Task brief: The task calls for the lines below from the line with "Image of Viridian" to the line with "18 gaines thermorétractables", both ends included, copied exactly, without any pictures.
++++ Task data ++++
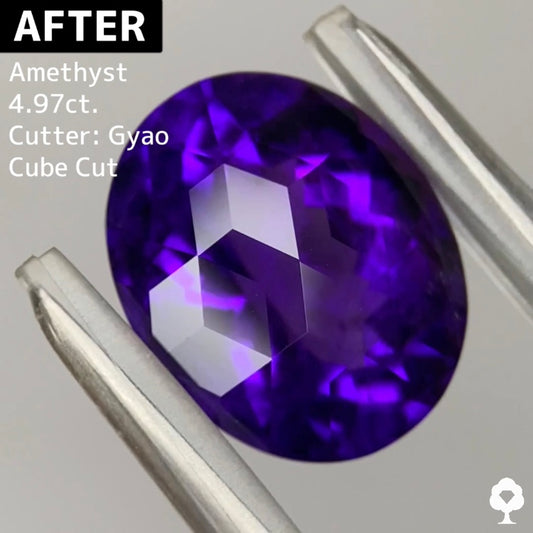【お客様専用ページ】Beforeアメジスト6.59ct
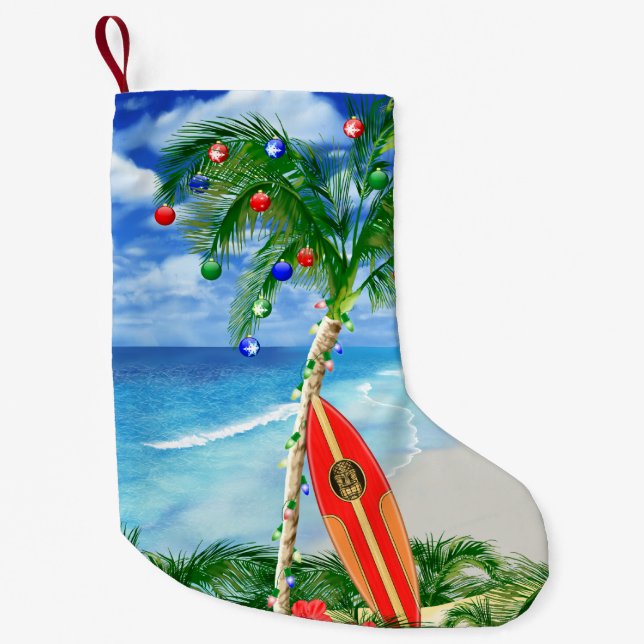 Beach Christmas Small Christmas Stocking (Front)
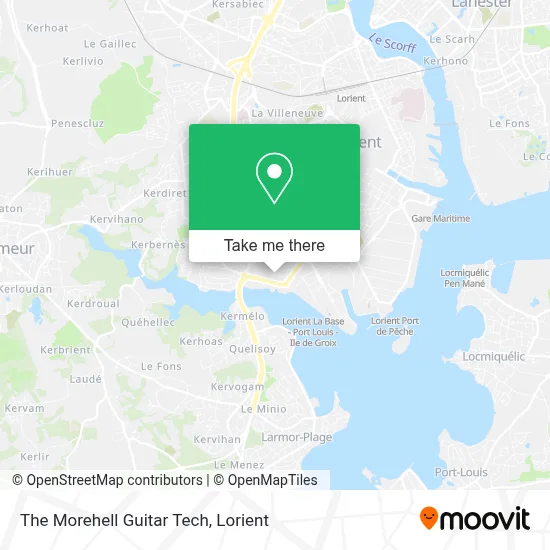 The Morehell Guitar Tech map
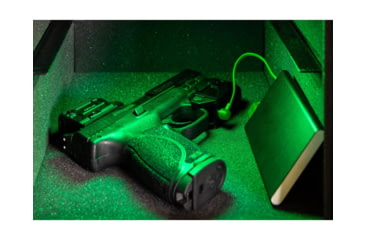Image of Viridian Weapon Technologies CTL Custom 580 Lumen LED Tactical Light w/ INSTANT-ON &amp; SafeCharge Power Bank, Lithium Ion, Black, 930-0043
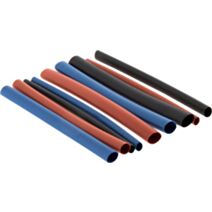 18 gaines thermorétractables fils de Ø1.6 à 5 mm 3 couleurs - ZENITECH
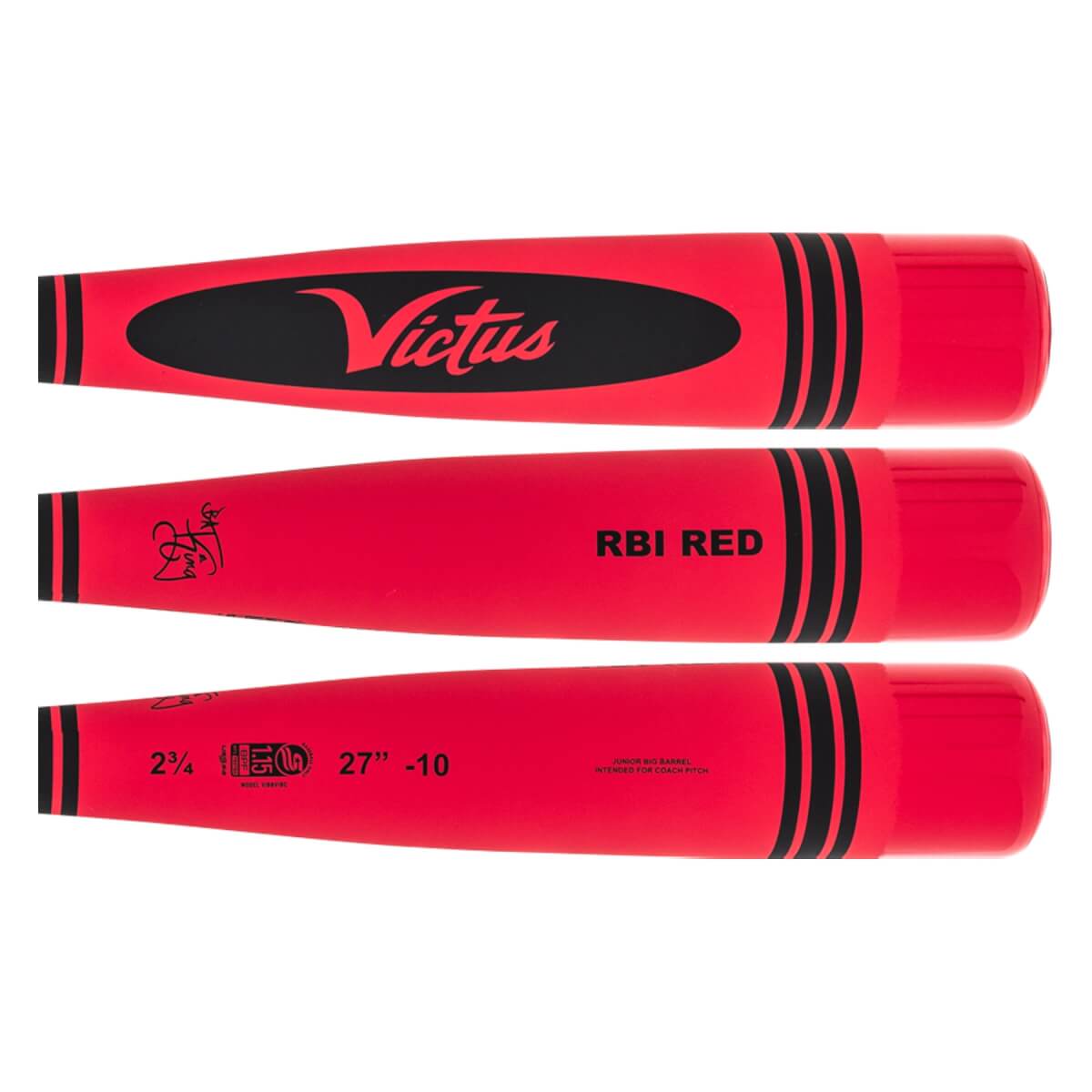 Victus Vibe Crayon -10 Junior Big Barrel Baseball Bat: VJBBVIBC: Image #452016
++++
Output of the task:
Image of Viridian Weapon Technologies CTL Custom 580 Lumen LED Tactical Light w/ INSTANT-ON &amp; SafeCharge Power Bank, Lithium Ion, Black, 930-0043
 18 gaines thermorétractables fils de Ø1.6 à 5 mm 3 couleurs - ZENITECH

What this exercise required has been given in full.